Support the enhancement, reuse, and/or redevelopment of underutilized property to fit the changing retail landscape, increase development viability, and bolster enhanced mass transit options.
Since the beginning of the century, the United States has seen significant growth in annual e- commerce sales. Shifts in consumer behavior, particularly among millennials, have contributed to a near 15% increase in online sales revenue every year since 2010. While e-commerce only makes up about 10% of the U.S.’s total retail annual revenue (with the remaining 90% coming from traditional brick and mortar stores), its unprecedented growth and accessibility has some forecasting e-commerce’s eventual reign over the retail sector. Such a changeover will likely cause traditional brick and mortar businesses, such as strip malls and big box stores, to become a less prominent component of the landscape.
To put Lexington’s commercial retail landscape into perspective, the city is currently home to 71 square feet of retail space per capita, about 1.5 times the national average of 46.6 square feet. Lexington also has a higher percentage of retail space as compared to similarly sized cities and other industrialized countries. As a city with a larger than average retail footprint, it is fair to assume Lexington will be disproportionately affected by changes in the retail market.
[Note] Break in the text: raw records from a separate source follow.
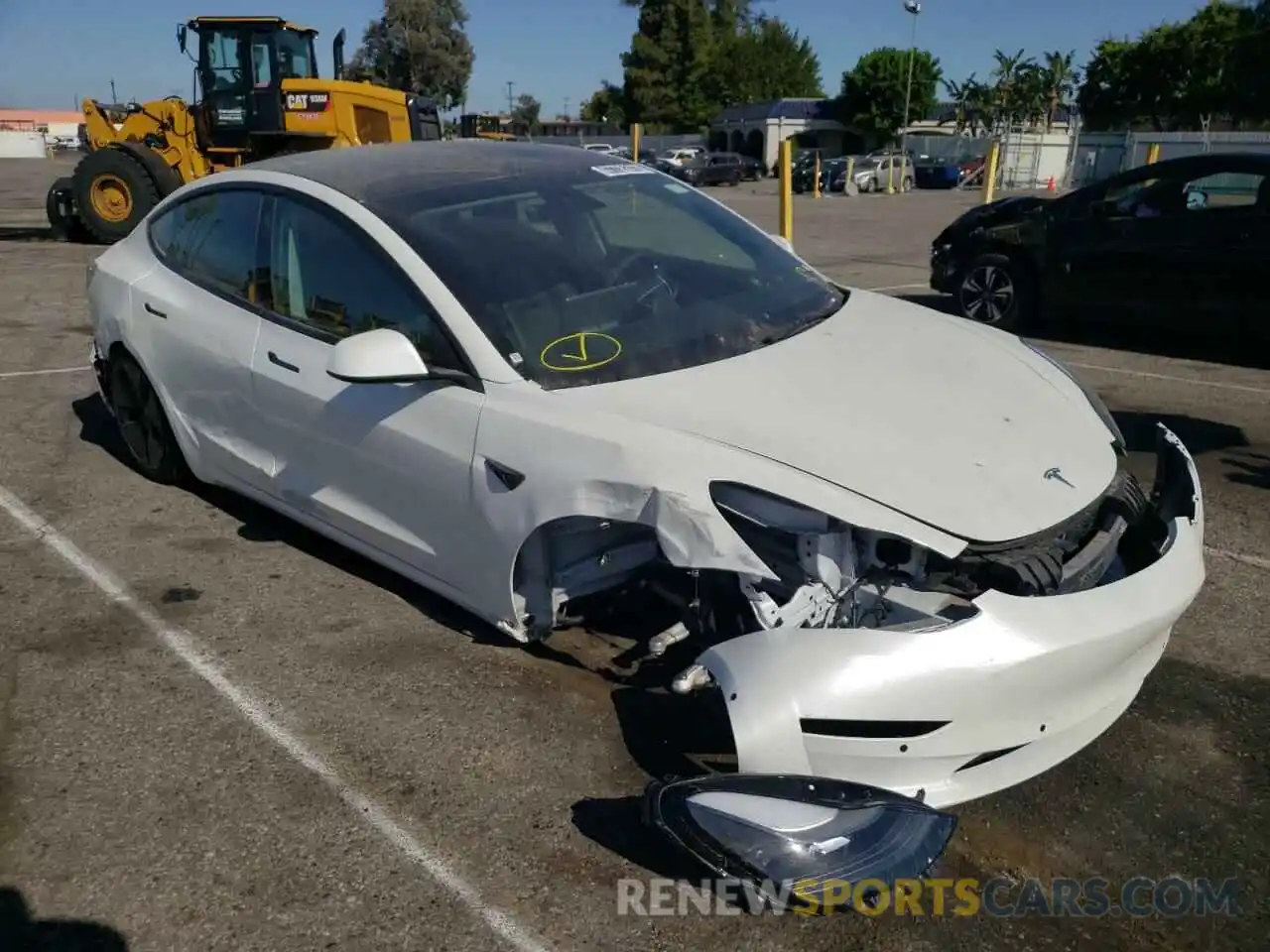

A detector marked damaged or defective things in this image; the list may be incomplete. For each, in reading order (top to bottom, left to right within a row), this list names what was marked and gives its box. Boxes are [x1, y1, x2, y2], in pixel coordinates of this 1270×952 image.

detached headlight [1024, 341, 1127, 452]
damaged front bumper [683, 428, 1199, 805]
crumpled front end [695, 428, 1199, 805]
cracked bumper panel [698, 432, 1206, 809]
detached headlight [643, 774, 952, 916]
In recent years, Lexington has already experienced the trickling effects brought on by shifting consumer habits and preferences, with the closure of several prominent national retailor locations. In response, Imagine Lexington brings to the forefront the flexibility and creativity needed to facilitate the reuse, revitalization, and/or enhancement of existing retail space, both utilized and underutilized. Recommendations to allow for a greater range in development types, particularly high-density residential, are supported by this policy, and the B-6P and mixed use zones in particular provide these opportunities.
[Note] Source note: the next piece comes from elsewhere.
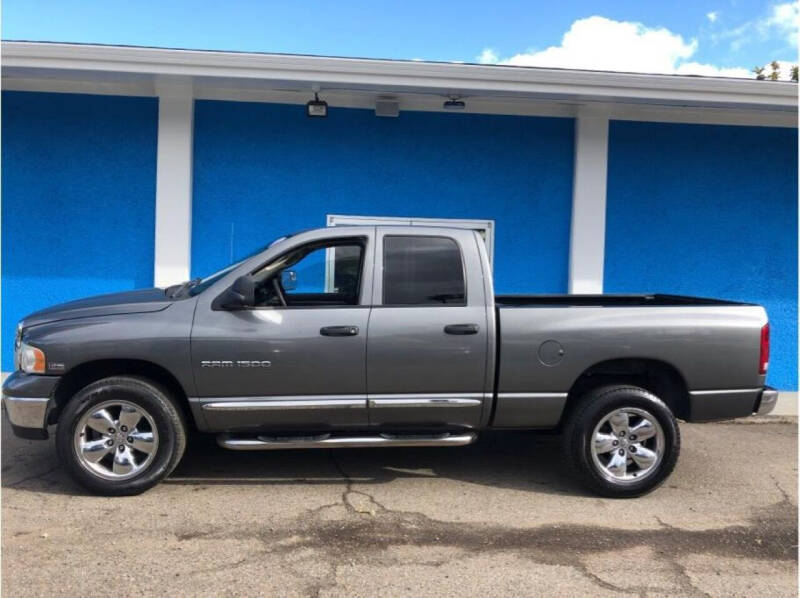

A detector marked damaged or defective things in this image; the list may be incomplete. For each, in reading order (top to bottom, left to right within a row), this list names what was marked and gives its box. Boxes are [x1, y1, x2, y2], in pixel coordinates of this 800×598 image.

Other U.S. cities have already begun finding innovative ways to revamp their underutilized retail spaces to better accommodate the needs of the surrounding population. One of the most noteworthy cases of adaptive reuse of retail property occurred in America’s first mall, the Providence Arcade Building in Rhode Island (built in 1828). After years of decline, the majority of this space has been converted into a community of micro-apartments, marketed to young professionals seeking affordable housing. The design features small retail businesses on the first floor, while the top two floors are composed of residential units. In another example of the revitalization of a declining shopping mall, the Main Line Health Center in Exton, Pennsylvania implemented an adaptive reuse project that converted the space into an active healthcare facility.
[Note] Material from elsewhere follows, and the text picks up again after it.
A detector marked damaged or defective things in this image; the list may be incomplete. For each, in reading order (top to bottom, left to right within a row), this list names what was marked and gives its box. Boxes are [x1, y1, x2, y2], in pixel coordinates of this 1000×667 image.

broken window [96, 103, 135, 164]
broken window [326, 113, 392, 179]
One of the central themes of these projects is the concept of filling a specific need of the local consumer base. In the case of Lexington, the increased need for housing units, such as what was achieved with the Providence Arcade project, could present an opportunity for developers and community designers to encourage residential uses on existing retail properties, whether by adding on to an existing property or implementing an adaptive reuse of an underutilized building. As most large retail centers are located along major high-traffic corridors, incorporating this residential component into existing developments will also increase the viability of enhanced mass transit by increasing potential ridership.
This type of redevelopment can be mutually beneficial for the city, the future tenants, and the property owners. This additional development opportunity will allow the landowners greater return on their properties, and should also bolster the success of the remaining retail entities on the site, building in a customer base within close, walkable proximity, as well as connecting other parts of the city to the development through enhanced transit. Existing retail developers interested in strengthening their customer base should consider the incorporation of not only residential uses, but less traditional retail services such as small groceries, pharmacies, gym/fitness centers, and locations for medical and senior care.
As mentioned throughout previous themes, a growing number of residents now prefer to live and spend time in areas that are walkable and well-incorporated. Retail spaces that are within close proximity to housing, restaurants, public spaces, and entertainment opportunities could create the community-based customer experience that people are looking for.
- Update Lexington’s Commercial Zones to include more varied uses to accommodate the shifting retail model.